De nouvelles manifestations ont été organisées dimanche dans plusieurs villes soudanaises, ont rapporté des témoins, alors que le calme a prédominé à Khartoum au cinquième jour d’une vague de protestations contre la hausse du prix du pain qui a connu des heurts meurtriers.

A Omdurman, dans la ville jumelle de Khartoum, une manifestation a eu lieu en soirée à l’issue d’un match de football, réunissant des centaines de personnes.

« Après le match (…), des centaines de supporters ont crié: +Liberté, paix et justice », a indiqué un témoin. Selon un autre, les forces anti-émeutes ont tiré des gaz lacrymogènes sur les protestataires.

La récente décision du gouvernement d’augmenter le prix du pain de 1 à 3 livres soudanaises (de 2 à 6 centimes d’euros) suscitent depuis mercredi des manifestations. Elles ont entraîné au moins huit morts -six à Al-Gadaref (est) et deux à Atbara (est)- lors de heurts avec les forces anti-émeutes, selon des responsables et des témoins.

Le principal dirigeant de l’opposition, Sadek al-Mahdi, a dénoncé samedi une « répression armée », et évoqué un bilan supérieur, de 22 morts, impossible à vérifier de source indépendante.

Dimanche, des centaines de personnes se sont réunies sur le marché d’Oum Rawaba, dans l’Etat du Kordofan du Nord, scandant pour certains « le peuple veut la chute du régime », a indiqué par téléphone à l’AFP un habitant.

La police les a empêchées de pénétrer dans un bâtiment officiel, a-t-il ajouté. Des pneus ont été brûlés dans les rues principales, a précisé un autre résident.

– Appel à la grève –

Des « centaines » de manifestants se sont également rassemblés, selon un témoin, à Atabara (est), ville dans laquelle le mouvement est né et où deux personnes sont mortes jeudi.

« Les forces anti-émeutes (…) se sont opposées à eux », a indiqué à l’AFP un habitant. La police et des personnes « habillées en civil » les ont aspergés de gaz lacrymogènes, a-t-il ajouté.

Parallèlement, un groupement de travailleurs de différents secteurs d’activités a appelé dans un communiqué à mener diverses actions de grèves, à commencer par les hôpitaux lundi.

« Les médecins n’interviendront que dans les cas d’urgence », a précisé à l’AFP Mohamed al-Assam, membre de ce groupement.

Dimanche, les grandes artères de Khartoum sont restées calmes, alors qu’écoles et universités sont fermées pour une période indéterminée sur décision des autorités, a constaté un correspondant de l’AFP.

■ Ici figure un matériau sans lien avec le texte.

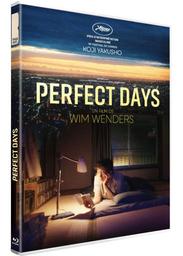 Perfect days | Wenders, Wim. Metteur en scène ou réalisateur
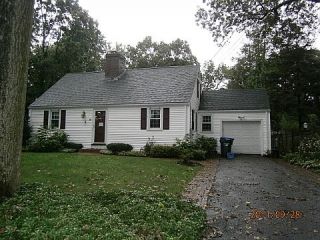 Foreclosed Home - 38 FORD ST, 01118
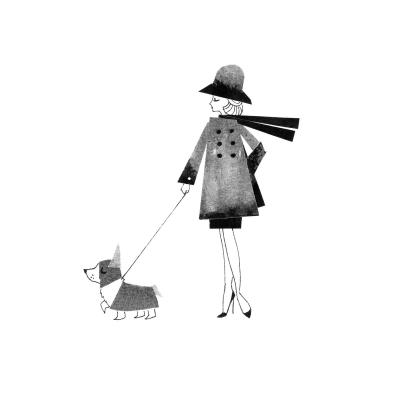 SOMETHING daniel fashion dog 1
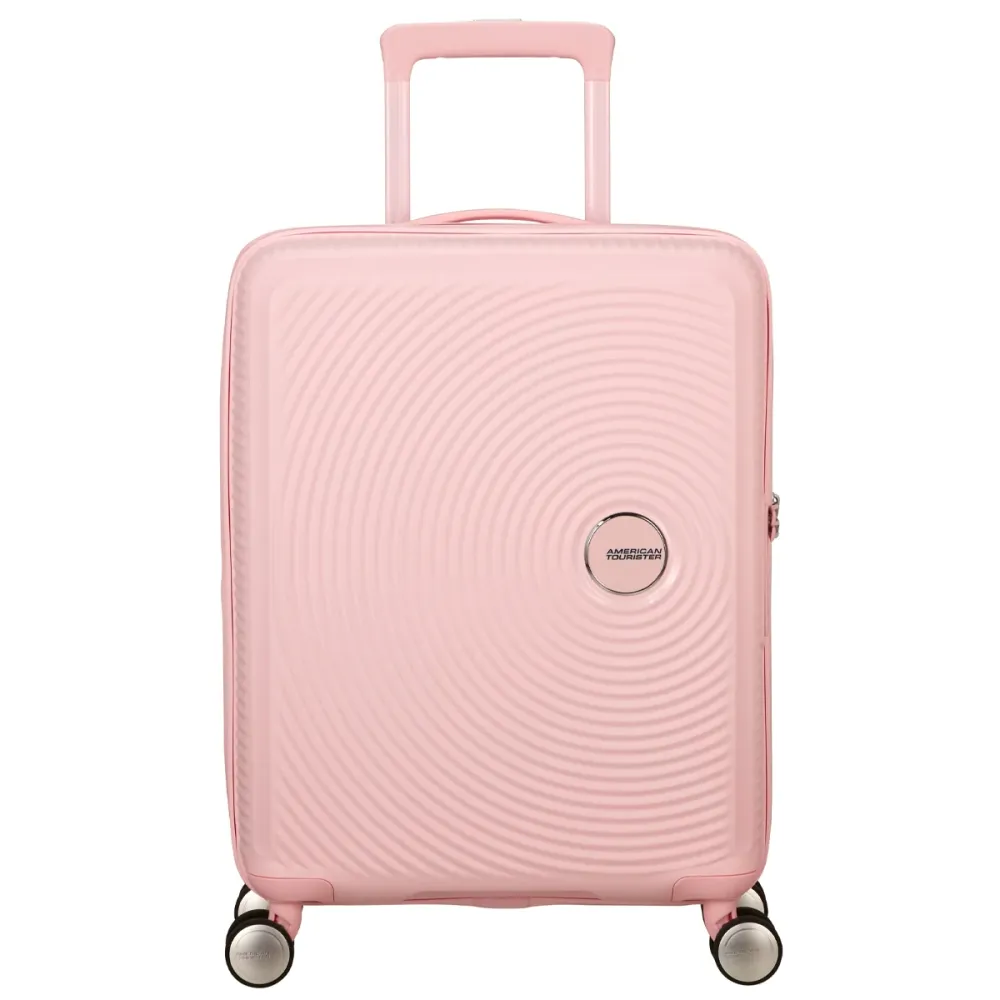 Soundbox Spinner 55 Cm Kabinekuffert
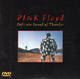 PINK FLOYD "Delicate Sound Of Thunder" 2CD + DVD cardsleeve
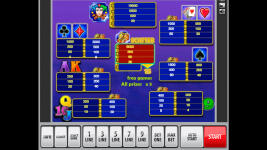 King of Cards - Screenshot 2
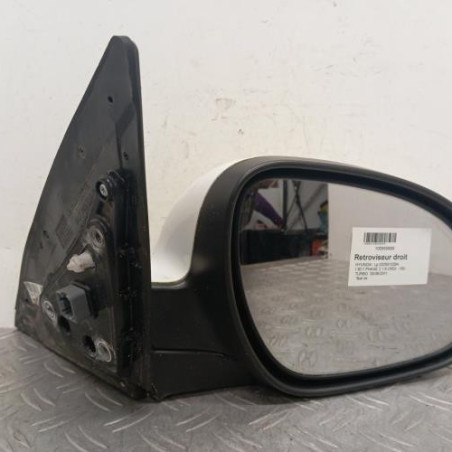 Retroviseur droit HYUNDAI I 30 1 Photo n°1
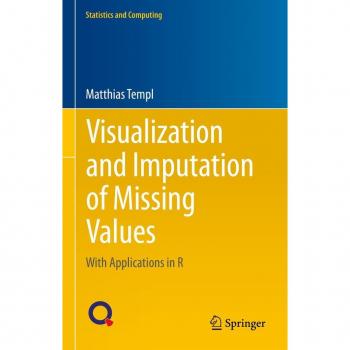 Visualization and Imputation of Missing Values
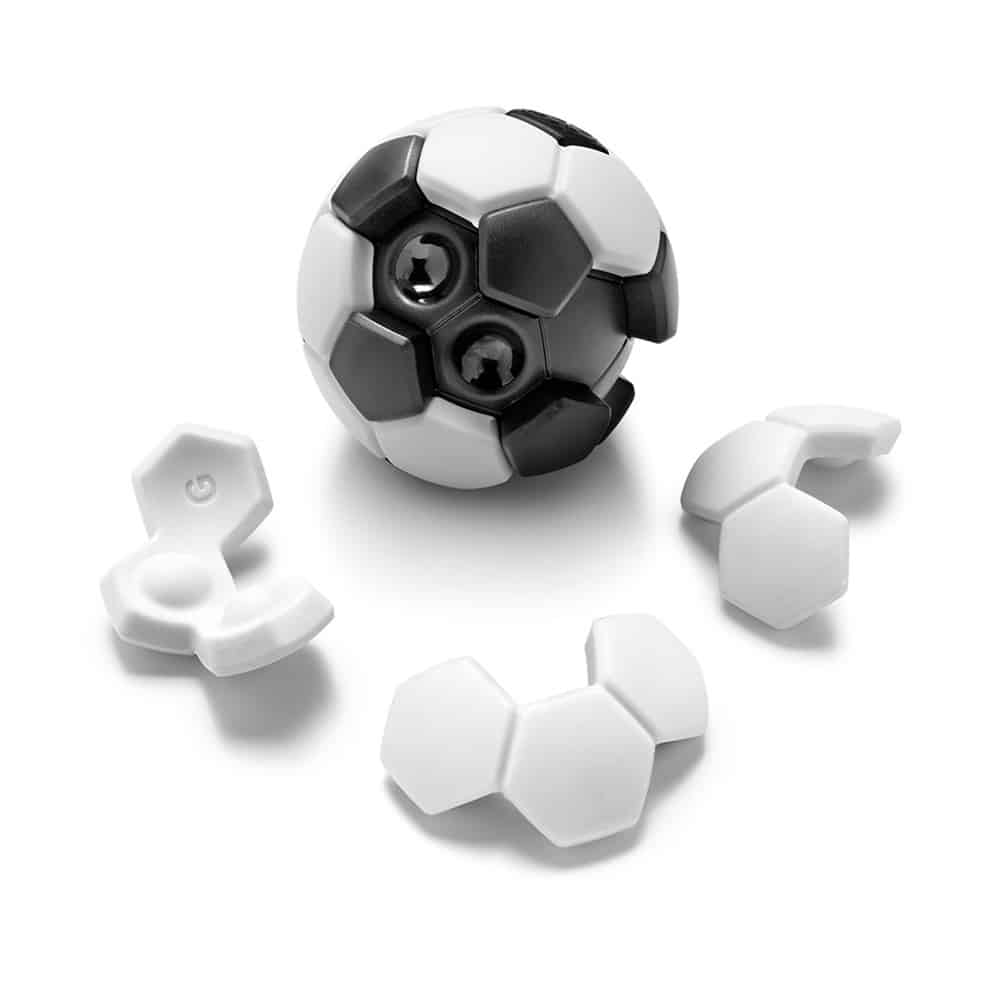 Smartgames Επιτραπεζιο Σπαζοκεφαλια Μπαλα Plug &Amp; Play Ball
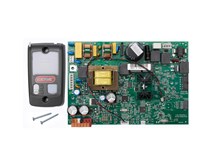 Curcuit Board & Series II Wall Consule 38878R.S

Des policiers anti-émeutes, équipés de matraques et de gaz lacrymogènes, étaient postés aux abords des bâtiments universitaires, d’après la même source.

« On nous a demandé de quitter les lieux ce matin à 07H00 » (05H00 GMT), a expliqué une étudiante d’une université du nord de Khartoum.

– Ambassadeur koweïtien convoqué –

Ailleurs, des habitants ont fait la queue devant les boulangeries, qui refusaient de vendre plus de 20 miches de pain par personne.

« J’ai une grande famille et ce pain ne nous suffit pas pour les trois repas » quotidiens, a déploré l’un d’eux. « Il ne m’autorisera pas à t’en donner plus », a répondu un employé en désignant un agent de sécurité.

Dans le même temps, les autorités ont annoncé, via l’agence officielle Suna, l’arrestation d’une « cellule de saboteurs qui souhaitaient commettre des actes de vandalisme dans la capitale ». Elles ont ajouté que ce groupe comprenait des « membres de partis d’opposition », sans les nommer.

Sadiq Youssef, un cadre de la coalition d’opposition des Forces du consensus national, a affirmé samedi que 14 membres de ce mouvement, dont le président Farouk Abou Eissa, avaient été arrêtés « à la sortie d’une réunion ».

A Al-Gadaref, où les manifestations ont fait six morts jeudi, le propriétaire d’une boutique a affirmé que les magasins avaient rouvert sous la surveillance de soldats. « Ils arpentent le marché armés », a-t-il dit.

Le ministère soudanais des Affaires étrangères a convoqué l’ambassadeur du Koweït à Khartoum après que cet Etat du Golfe a appelé ses ressortissants à quitter le Soudan.

Le Soudan connaît des difficultés économiques croissantes avec une inflation de près de 70% et une plongée de la livre soudanaise face au dollar.